● Supplied records:
——
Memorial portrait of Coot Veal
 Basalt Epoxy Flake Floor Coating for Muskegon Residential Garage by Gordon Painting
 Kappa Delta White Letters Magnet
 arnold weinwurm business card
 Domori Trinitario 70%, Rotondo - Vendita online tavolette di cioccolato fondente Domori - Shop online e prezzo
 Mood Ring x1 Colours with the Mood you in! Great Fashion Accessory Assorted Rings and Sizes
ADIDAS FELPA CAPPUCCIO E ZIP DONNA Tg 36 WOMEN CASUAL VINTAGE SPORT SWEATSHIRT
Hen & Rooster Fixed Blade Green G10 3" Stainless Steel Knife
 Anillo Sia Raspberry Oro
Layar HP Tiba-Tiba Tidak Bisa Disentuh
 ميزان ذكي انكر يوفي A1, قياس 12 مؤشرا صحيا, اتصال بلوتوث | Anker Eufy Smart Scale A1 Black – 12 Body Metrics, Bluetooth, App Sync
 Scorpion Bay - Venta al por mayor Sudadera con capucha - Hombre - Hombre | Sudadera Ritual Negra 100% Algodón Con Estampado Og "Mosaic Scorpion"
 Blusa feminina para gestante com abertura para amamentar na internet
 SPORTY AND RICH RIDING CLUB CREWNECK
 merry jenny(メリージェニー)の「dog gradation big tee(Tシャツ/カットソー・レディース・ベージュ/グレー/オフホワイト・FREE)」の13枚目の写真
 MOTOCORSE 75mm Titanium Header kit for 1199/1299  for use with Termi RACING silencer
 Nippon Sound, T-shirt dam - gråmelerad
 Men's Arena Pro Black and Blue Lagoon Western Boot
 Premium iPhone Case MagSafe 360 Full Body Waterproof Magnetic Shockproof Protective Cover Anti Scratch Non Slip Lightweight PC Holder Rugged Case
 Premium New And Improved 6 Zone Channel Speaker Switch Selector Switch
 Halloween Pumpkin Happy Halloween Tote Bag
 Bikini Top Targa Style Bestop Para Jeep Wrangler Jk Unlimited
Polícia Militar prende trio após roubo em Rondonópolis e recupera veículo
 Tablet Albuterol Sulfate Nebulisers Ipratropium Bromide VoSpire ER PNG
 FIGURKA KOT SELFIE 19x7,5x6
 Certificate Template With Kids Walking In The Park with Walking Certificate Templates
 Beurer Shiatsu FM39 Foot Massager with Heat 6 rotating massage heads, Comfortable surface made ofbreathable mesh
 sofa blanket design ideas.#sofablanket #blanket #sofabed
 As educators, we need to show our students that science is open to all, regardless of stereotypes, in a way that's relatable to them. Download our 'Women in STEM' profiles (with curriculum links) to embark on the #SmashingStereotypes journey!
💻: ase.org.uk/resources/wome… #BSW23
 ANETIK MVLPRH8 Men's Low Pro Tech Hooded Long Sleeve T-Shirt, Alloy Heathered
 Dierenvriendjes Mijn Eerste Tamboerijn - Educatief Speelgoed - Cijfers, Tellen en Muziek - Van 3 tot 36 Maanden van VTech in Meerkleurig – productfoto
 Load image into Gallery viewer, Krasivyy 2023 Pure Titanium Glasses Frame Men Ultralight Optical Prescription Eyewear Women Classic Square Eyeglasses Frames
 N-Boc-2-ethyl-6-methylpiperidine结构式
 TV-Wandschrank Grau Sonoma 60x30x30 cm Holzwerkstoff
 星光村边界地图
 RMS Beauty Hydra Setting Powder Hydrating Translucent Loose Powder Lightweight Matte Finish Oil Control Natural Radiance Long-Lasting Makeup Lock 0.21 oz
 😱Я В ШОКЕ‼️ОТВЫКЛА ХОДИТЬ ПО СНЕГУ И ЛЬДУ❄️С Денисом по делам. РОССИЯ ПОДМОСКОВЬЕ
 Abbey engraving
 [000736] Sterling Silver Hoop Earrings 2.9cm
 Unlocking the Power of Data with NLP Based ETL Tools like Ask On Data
——
● What you will do: Please retype the listing word for word, from its first line through the line containing "Men's Arena Pro", and add nothing else.

● Written reply:
Memorial portrait of Coot Veal
 Basalt Epoxy Flake Floor Coating for Muskegon Residential Garage by Gordon Painting
 Kappa Delta White Letters Magnet
 arnold weinwurm business card
 Domori Trinitario 70%, Rotondo - Vendita online tavolette di cioccolato fondente Domori - Shop online e prezzo
 Mood Ring x1 Colours with the Mood you in! Great Fashion Accessory Assorted Rings and Sizes
ADIDAS FELPA CAPPUCCIO E ZIP DONNA Tg 36 WOMEN CASUAL VINTAGE SPORT SWEATSHIRT
Hen & Rooster Fixed Blade Green G10 3" Stainless Steel Knife
 Anillo Sia Raspberry Oro
Layar HP Tiba-Tiba Tidak Bisa Disentuh
 ميزان ذكي انكر يوفي A1, قياس 12 مؤشرا صحيا, اتصال بلوتوث | Anker Eufy Smart Scale A1 Black – 12 Body Metrics, Bluetooth, App Sync
 Scorpion Bay - Venta al por mayor Sudadera con capucha - Hombre - Hombre | Sudadera Ritual Negra 100% Algodón Con Estampado Og "Mosaic Scorpion"
 Blusa feminina para gestante com abertura para amamentar na internet
 SPORTY AND RICH RIDING CLUB CREWNECK
 merry jenny(メリージェニー)の「dog gradation big tee(Tシャツ/カットソー・レディース・ベージュ/グレー/オフホワイト・FREE)」の13枚目の写真
 MOTOCORSE 75mm Titanium Header kit for 1199/1299  for use with Termi RACING silencer
 Nippon Sound, T-shirt dam - gråmelerad
 Men's Arena Pro Black and Blue Lagoon Western Boot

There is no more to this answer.